[Exercise inputs — start]
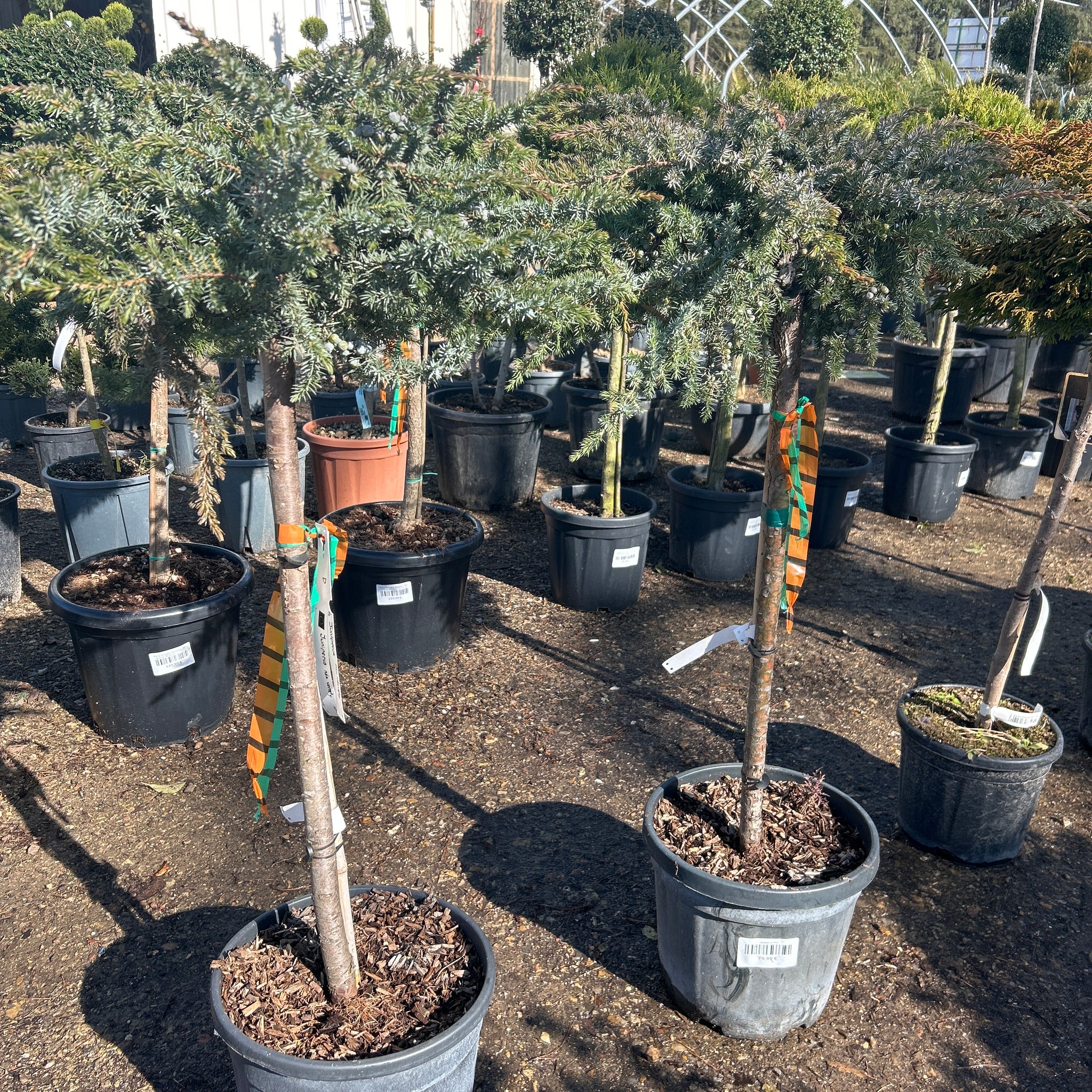 Juniperus mix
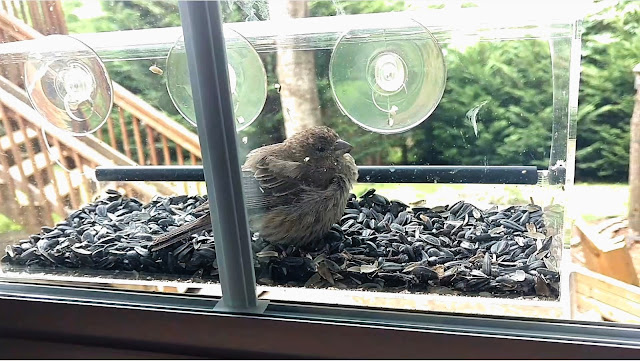 Clear Window Bird Feeder Long Term Update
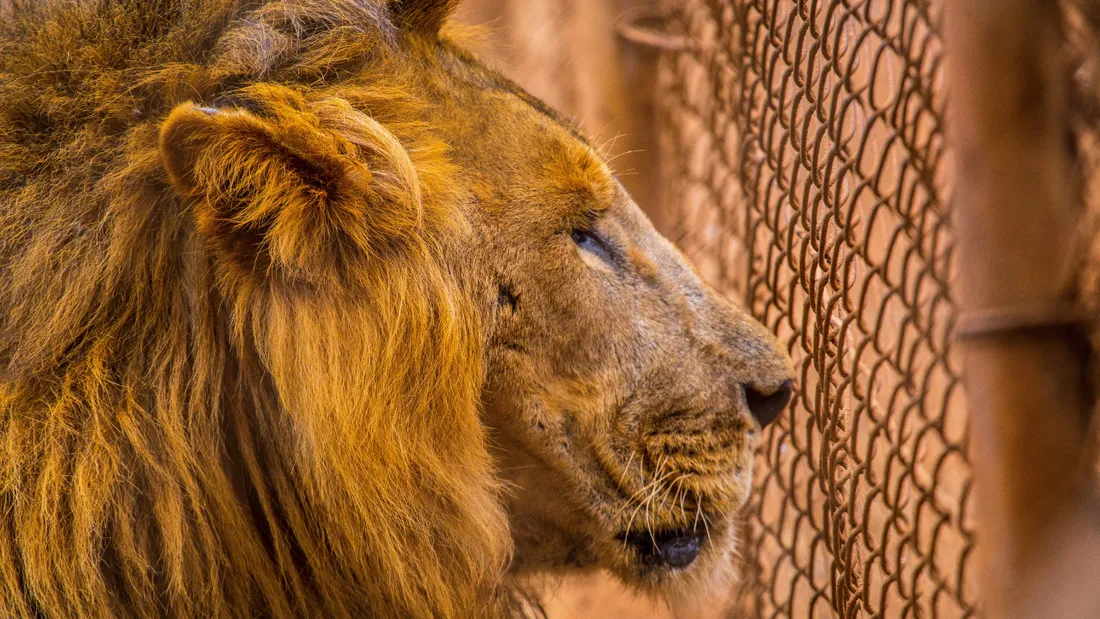 Trois lions étaient détenus toute la journée dans une cage de seulement 15 m2.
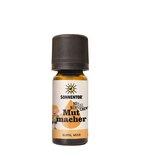 Mutmacher ätherisches Öl bio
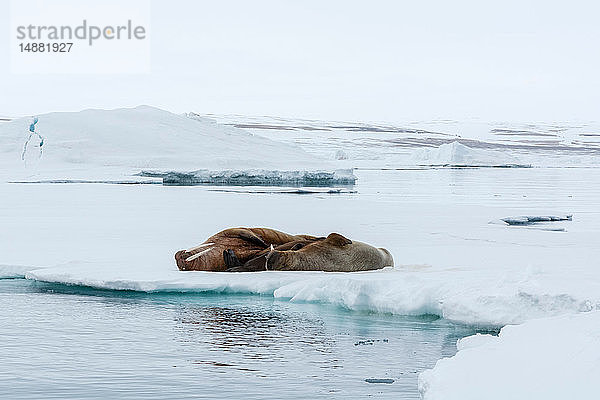 Atlantisches Walross (Odobenus rosmarus) auf Eisberg liegend  Vibebukta  Austfonna  Nordaustlandet  Svalbard  Norwegen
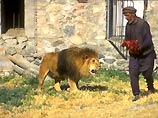 В зоопарке живет  знаменитый одноглазый лев, подаренный Германией 38 лет назад
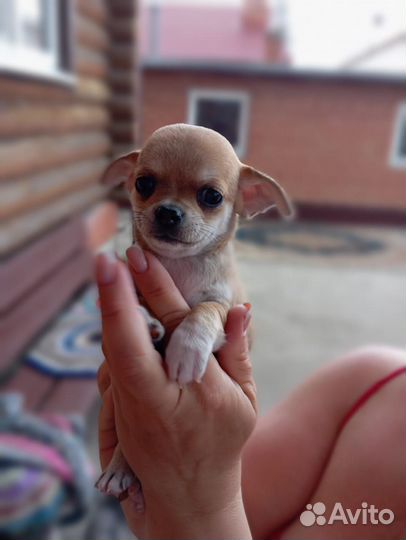 Щенки чихуахуа мини гладкошерстные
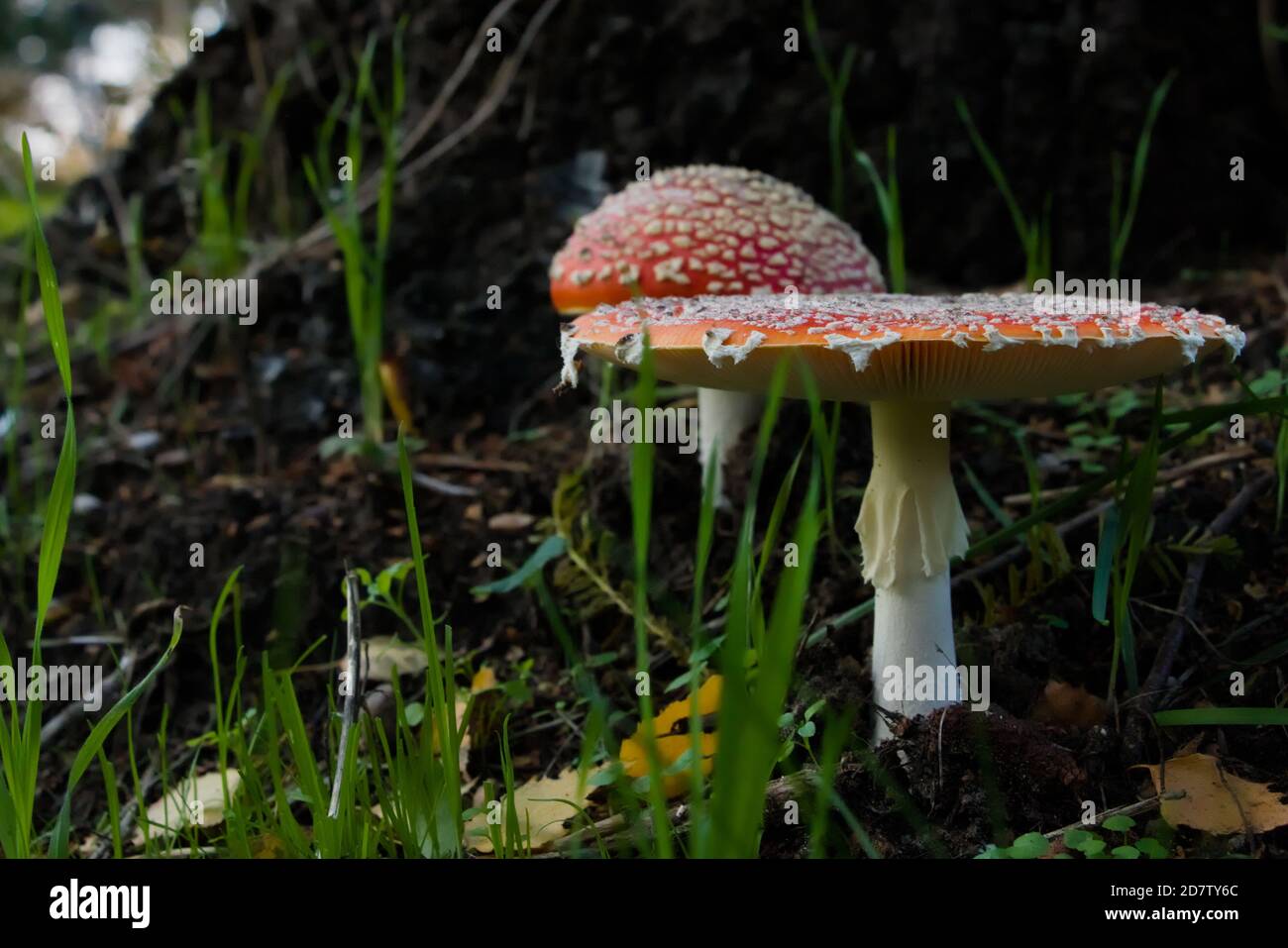 Vista laterale di due agarici di mosca (Amanita muscaria) Sul fondo di una betulla (Betula) Foto Stock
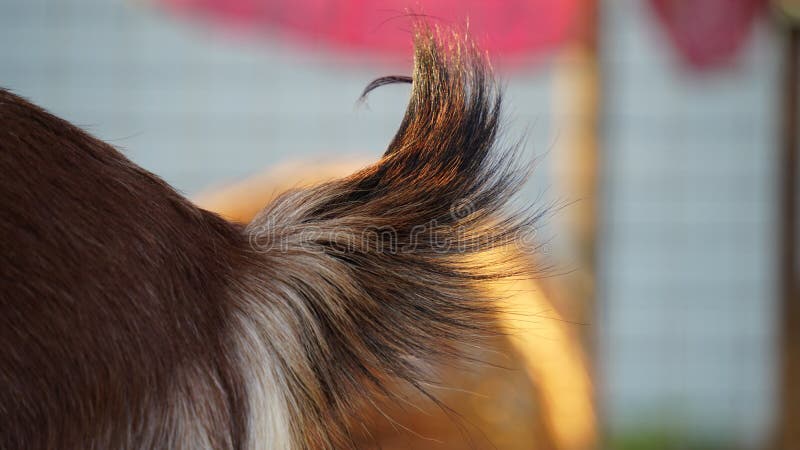 Fur Background of a Goat. Goat Hair Mostly Uses in Woolen Industry. Goat is  a Mammal Ruminant Animal Stock Image - Image of fluffy, fabric: 212250759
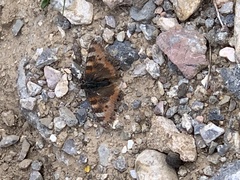 Aglais ladakensis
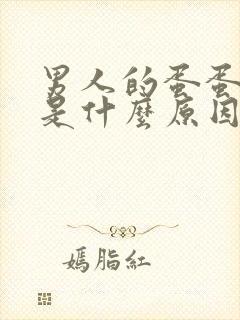 男人的蛋蛋肿疼是什么原因?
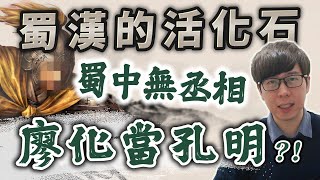 [問卦] 廖化可以把老母背回家徐庶不能？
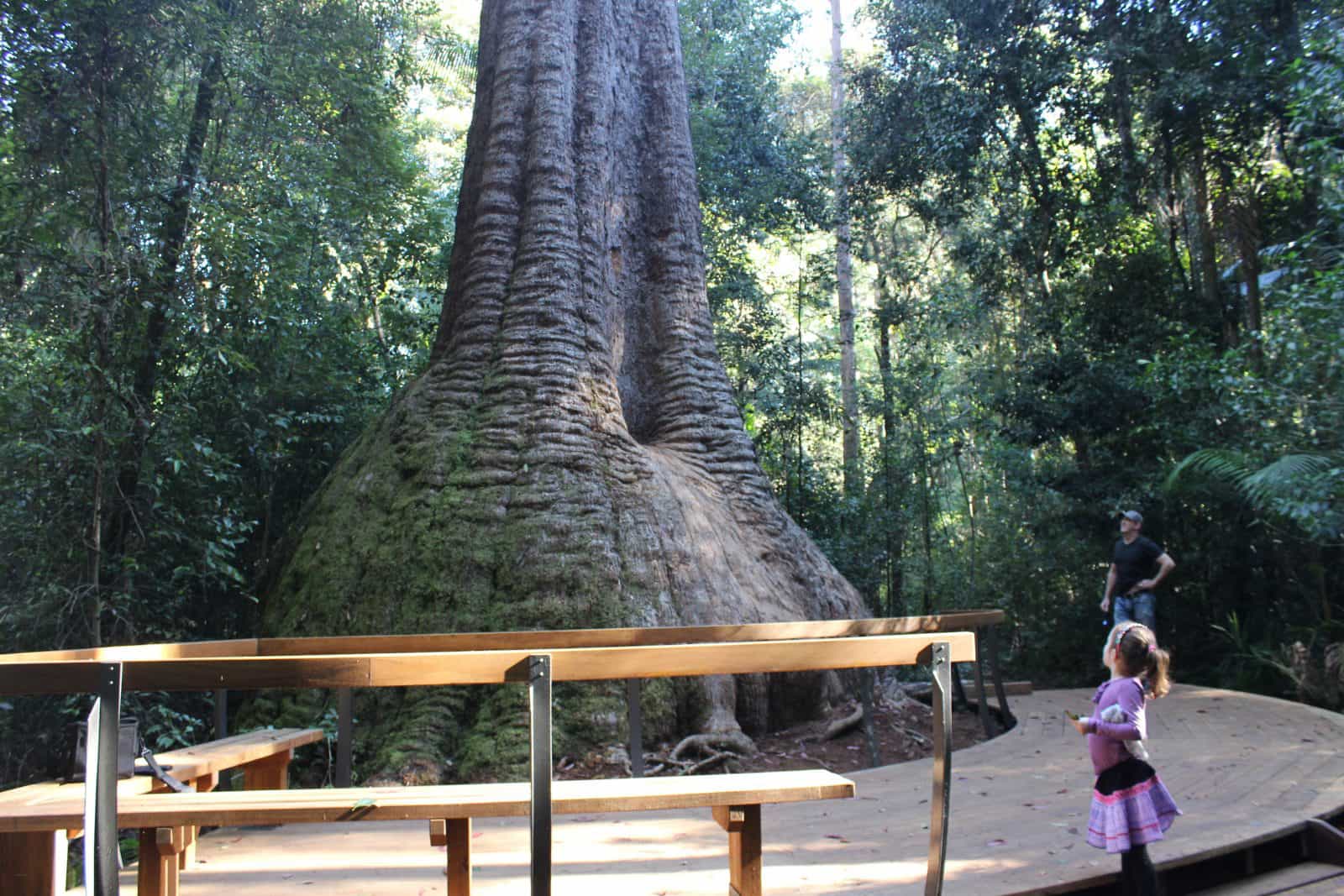 Old Bottlebutt in Burrawan State Forest
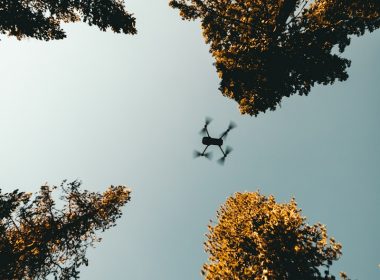 low angle photo of drone near trees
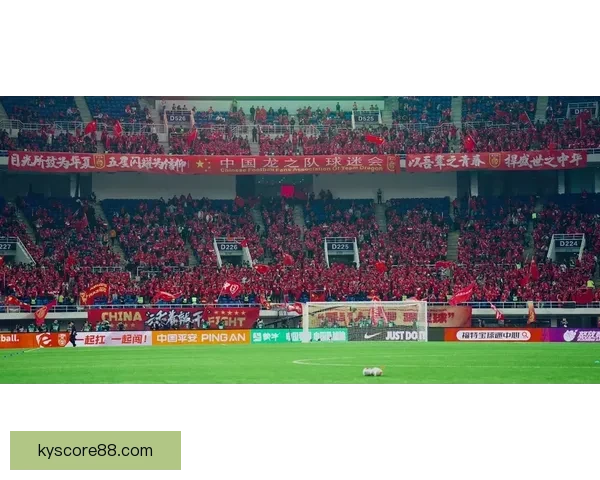 美加墨世界杯买球热潮席卷，如何把握投资机会与风险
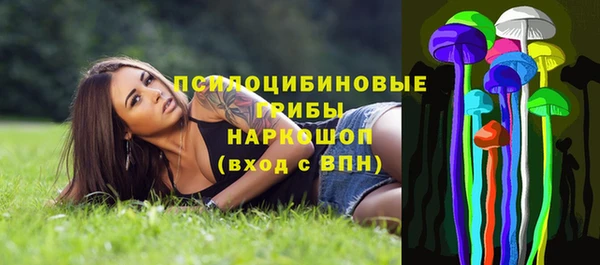 амф Алексеевка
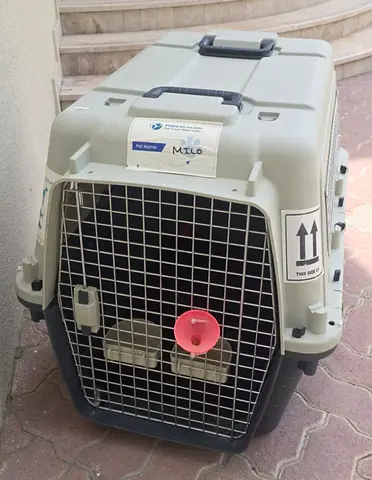 Dogs carriers for air travel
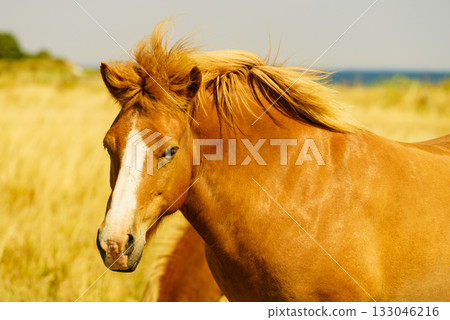 Horses herd on meadow field 133046216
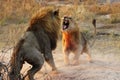 Animals Fighting , just vist wild life Royalty Free Stock Photo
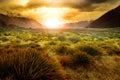 Sun rising behind grass field in open country of new zealand sce Royalty Free Stock Photo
[Exercise inputs — finish]
Please output all of the entries above exactly, but without any picture.

 Juniperus mix
 Clear Window Bird Feeder Long Term Update
 Trois lions étaient détenus toute la journée dans une cage de seulement 15 m2.
 Mutmacher ätherisches Öl bio
 Atlantisches Walross (Odobenus rosmarus) auf Eisberg liegend  Vibebukta  Austfonna  Nordaustlandet  Svalbard  Norwegen
 В зоопарке живет  знаменитый одноглазый лев, подаренный Германией 38 лет назад
 Щенки чихуахуа мини гладкошерстные
 Vista laterale di due agarici di mosca (Amanita muscaria) Sul fondo di una betulla (Betula) Foto Stock
 Fur Background of a Goat. Goat Hair Mostly Uses in Woolen Industry. Goat is  a Mammal Ruminant Animal Stock Image - Image of fluffy, fabric: 212250759
 Aglais ladakensis
 男人的蛋蛋肿疼是什么原因?
 [問卦] 廖化可以把老母背回家徐庶不能？
 Old Bottlebutt in Burrawan State Forest
 low angle photo of drone near trees
 美加墨世界杯买球热潮席卷，如何把握投资机会与风险
 амф Алексеевка
 Dogs carriers for air travel
 Horses herd on meadow field 133046216
 Animals Fighting , just vist wild life Royalty Free Stock Photo
 Sun rising behind grass field in open country of new zealand sce Royalty Free Stock Photo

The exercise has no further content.